The good, the bad and the old: finding value in challenging deals

Reporter Adam Le here, filling in while Marine's on the West Coast. Two stories I reported on this week stood out in my mind as they both involved older funds and how – and whether – to find value in them.

Reporter Adam Le here, filling in while Marine’s on the West Coast. Two stories I reported on this week stood out in my mind as they both involved older funds and how – and whether – to find value in them.

Zombies, Asia and challenging deals
Our research division recently took stock of its funds database and found 1,001 so-called ‘zombies’, or funds raised more than 10 years ago by GPs who haven’t raised subsequent vehicles and – as one source put it – are “sitting back taking long lunches” as they continue to collect management fees on unrealised assets.

Remaining net asset value in these funds is estimated at around $127 billion – a number that’s hard to ignore. But a lot of secondaries buyers say it’s sometimes best to do just that.

“The challenge with these funds is, why are these companies left in the fund?” said the head of a firm specialising in direct secondaries and tail-end deals. If you do these types of deals, he mused, “Are you just left with a bunch of underperforming businesses that [are] going to be very difficult to sell?”

That’s the same question buyers will be asking themselves before wading into other challenging pockets of opportunity, like restructuring funds or doing directs in Asia. Sources on the ground say public market volatility and other factors contributing to a lack of exit options in China and India is providing some interesting secondaries deal flow – but those countries have their share of underperforming zombies to be wary of, too.

No room in the fund
Most frequently you hear about large LPs selling fund interests because they’ve had a strategy shift (a move away from mega-buyouts, say, or a changed appetite for a particular sector or geography). Or, even more typically, they’re wanting to reduce relationships with managers deemed non-core to devote more time and resources to preferred GPs. So we were pretty interested to learn the rationale behind CPPIB’s sale of its Bridgepoint holdings wasn’t so standard.

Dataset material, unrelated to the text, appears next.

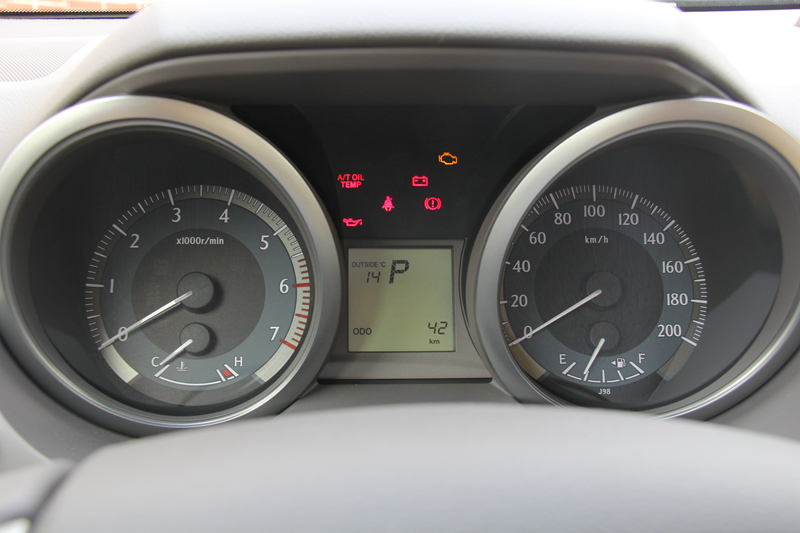 平行进口丰田轿车,16年二手普拉多2700中东版价格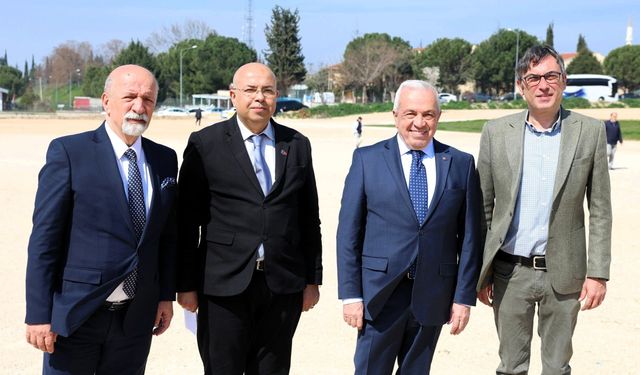 Başkan Özdemir: “Nilüfer’in kalbi ve geleceği satılık değildir”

CPPIB had been an investor in the pan-European fund manager since 2002, when it committed €100 million to Bridgepoint II. It went on to commit €100 million to Bridgepoint III in 2005, and in 2007 committed €300 million to Fund IV. It’s also co-invested with Bridgepoint in at least one deal, taking a 39 percent stake in 2012 in sports management company Dorna. But when Fund V came around – which closed in March on €4 billion after a year of fundraising, beating its €3.5 billion target – there weren’t enough places for large LPs to accommodate CPPIB.

This prompted Bridgepoint to offer to buy back some of the pension’s holdings in its prior funds, and ultimately led to a deal with Lexington, Hamilton Lane and Bridgepoint buying CPPIB’s stakes. It seems a neat solution for a high-quality problem (a fund manager with more demand than it can meet and an LP keen to prioritise relationships with potential to keep growing). But is it a one-off or are we likely to see more of such deals?